File Transfer Protocol (FTP): File Transfer Protocol (FTP) is a TCP-based application with many options and features such as modifying directories, implementing wildcard characters in listed files, transmitting multiple files at once, and utilizing a variety of character sets or file formats. It can be set up for anonymous access without the use of a password, or it can be configured to require a username and password. It also offers an interface resembling a UNIX file directory.
When an FTP client tries to hook up to an FTP server, a TCP connection is directed to the FTP server’s well-known port 21. A username and password is requested from the FTP client, which the server uses for verification of the files available to that user. This security corresponds to the file security on the server’s platform. All the commands used to administer the transferring of files are sent across this connection. This gives the user a range of commands to activate settings for transfer and other actions. The file is sent over a separate FTP data connection over TCP port 20. This prohibits a file transfer from making modifications to the control session.
Secure File Transfer Protocol (SFTP): SFTP (Secure File Transfer Protocol) is a secure version of the File Transfer Protocol (FTP) that includes enhanced encryption and authentication. It administers secure file transfer using SSH or SSH-2. Like FTP, SFTP can be used to transfer files between a client and a server over a network. The same functionality applies to remote servers.
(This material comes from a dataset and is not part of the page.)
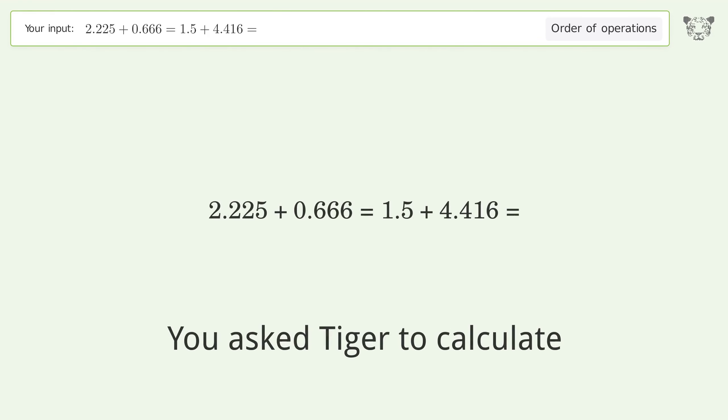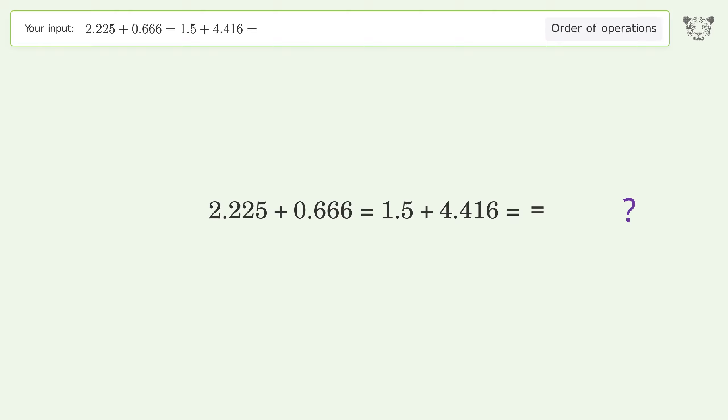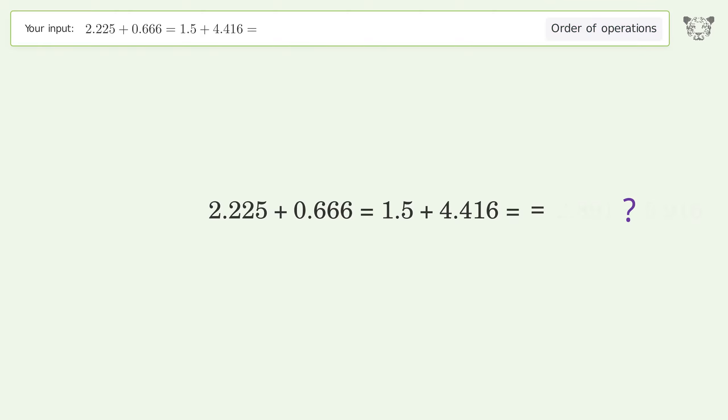You asked Tiger to calculate. This deals with the order of operations. The final result is 2.891 and 5.916.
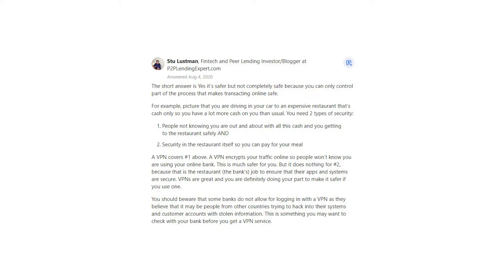A VPN covers number one above. A VPN encrypts your traffic online so people won't know you are using your online bank. This is much safer for you, but it does nothing for number two, because that is the restaurant, the bank's job, to ensure that their apps and systems are secure. VPNs are great and you are definitely doing your part to make it safer if you use one.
An SFTP can be used exclusively for file transfer access, or it can provide system command access as well. SFTP can limit users to their home directories, is not susceptible to the “flashfxp” transfer utility, and is much less vulnerable to exploitation than FTP. It can be programmed to authorize users with certificates and passwords.
Secure Shell (SSH) and Secure Shell version 2 (SSH-2): SSH is an open standard used for remote administration and file transfer over a network. An encrypted tunnel is created between an SSH client and an SSH server, and it’s programmed to authenticate the client to the server. SSH is the safer alternative to clear-text telnet sessions that are inherently vulnerable. SSH uses port 22 and can be used to substitute both FTP and Telnet. SSH communications are encrypted with the International Data Encryptions Algorithm. Rivest, Shamir, & Addleman (RSA) methods are used for key exchange. Keys are wiped out and recreated every hour.
SSH is used to defend against:
- IP spoofing or IP source routing: The attacker uses the source IP address in his packets to sneak in as a trusted source.
- DNS spoofing: The attacker forges name server records in the DNS. Real-time data modification: An intermediary host hijacks active communication and impersonates both parties in their exchange. The attacker receives information sent by the real sender, alters it and forwards it to the recipient on behalf of the sender.
- Authentication replay attacks: The attacker records the stream of data and cuts off all user replies from the stream to establish a connection. If a hacker gets into a workstation where SSH is used and gains root access privileges, he can then modify the SSH application to his liking.
Secure Shell version 2 (SSH-2) is a security enhanced version SSH and should be used in place of SSH.
Trivial File Transfer Protocol (TFTP): Trivial File Transfer Protocol (TFTP) is a more basic version of FTP. It has a limited set of features, doesn’t require a lot of memory to load, and can be programmed in a short amount of time. There’s no browsing capability, it only sends and receives files. TFTP has been used to seize router configuration files by registering a terminal session during a configuration session and then storing that configuration on a TFTP server. During the configuration the server can be accessed to extract or save configuration data on the network. The disadvantage is that unlike FTP, session authentication does not occur which makes TFTP an open target.